King wants the reader to hate Lee Oswald as much as he does.  This Oswald is the Bugliosi caricature of the sniveling, wife beating, gutter rat that deserves his gut-shot from Jack Ruby’s .38.  This is the loathsome little man that haunts the pages of Reclaiming History or Norman Mailer’s Oswald’s Tale, and the minds of most lone nut believers.  King has one scene where Lee physically abuses Marina in public, out on the street, an event that never occurred that I know of.  You want to despise a man who does such a thing.  There are allegations of abuse but there are no other witnesses other than Marina.  It could have happened, or could be part of the legend building that an unlucky deadman cannot refute.

A pity that King did not chose to explore conspiracy in his story.  He could have had Jake Epping get involved in a plot so he could screw it up in some way to prevent the assassination.  Instead, his hero races up the stairs to the sixth floor to confront Oswald, a surprised lone gunman with a junky rifle in hand.  But what if there is a conspiracy and hence other shooters?  Stopping Oswald settles nothing and Kennedy’s handsome head remains in danger.  But of course, there are no other shooters in this alternate reality version of the story, which in a way, does not many any sense.  There is always a path clear for another shooter from wherever, take your pick.  Grassy knoll or the Dal-Tex building.  Maybe Roscoe White with his long barreled pistol in the parking lot.  Or find a new spot.

Ultimately, King decides changing the past has repercussions for the future and not good ones at that.  So ultimately, preventing JFK’s death is a not a good thing at all, casting a darker future for everybody.  Not exactly a new idea but that is the way King chose to play it.  Let Johnny take his bullets so a confluence of events does not overwhelm us, bringing on the apocalypse.

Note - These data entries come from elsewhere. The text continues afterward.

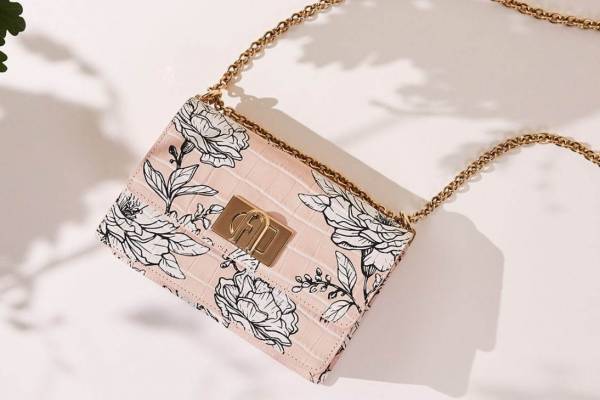 フルラのアイコン「フルラ 1927」に新作、花柄チェーンバッグ＆クロコ柄ハンドバッグ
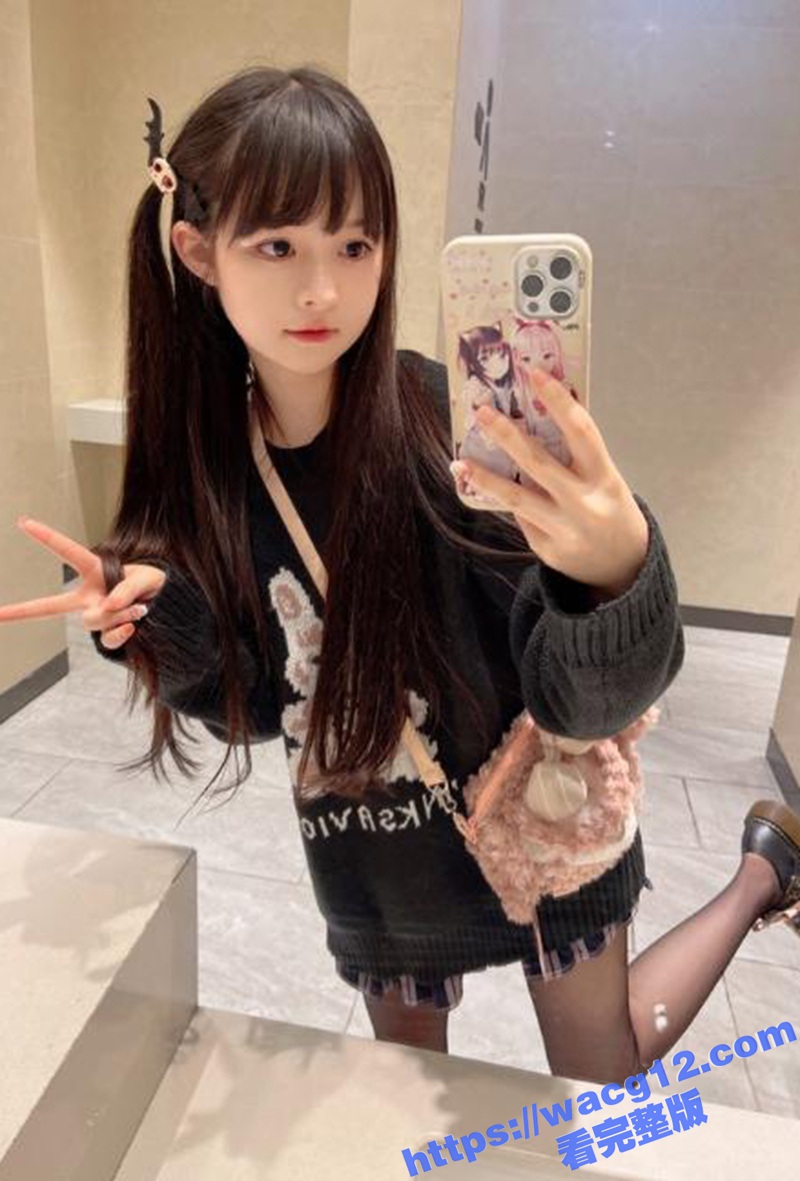 推特知名网红双马尾萝相关图片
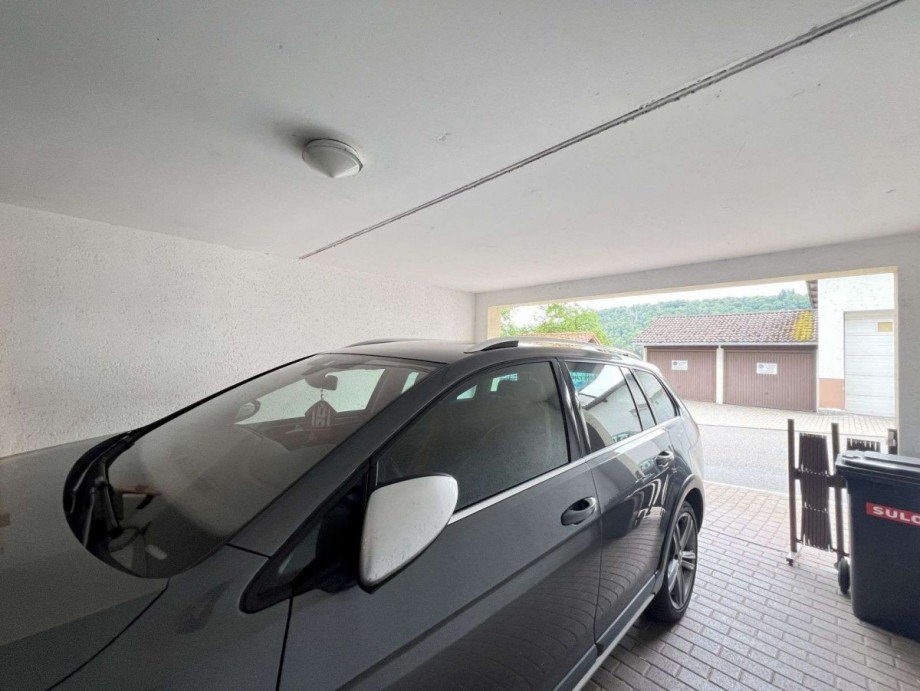 Massiver Carport direkt bei der Haust�re Reihenmittelhaus St�hlingen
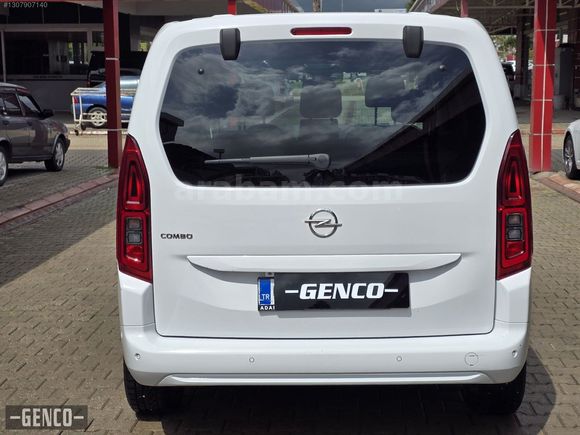 2022 OPEL COMBO 1.5 D LİFE ULTİMATE CAM TAVAN HATASIZ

Under that view, time and its marked events are like pearls on a string, take one out and you muck up the rest down the line.  Nobody can ever know for sure what changing past events can portend for the future, not at least, until somebody does it.  We do get a glimpse of it in quantum mechanics where the observer can change the outcome of an experiment simply by observing.  If only one could do that on a grander scale.

Too bad Stephen King could not have made a better go of the Kennedy assassination in 11/22/63. Away from that, an enjoyable read especially the parts involving the 1950’s when our big talk, our big cars, our big guns, and our big balls set the world’s agenda.  Now we are just Romans in sad decline dreaming of greater days, awash in failed leadership and greedy partakers that have taken the largest pieces of the pie for themselves.  

I really long for a mug of that 1958 root beer though.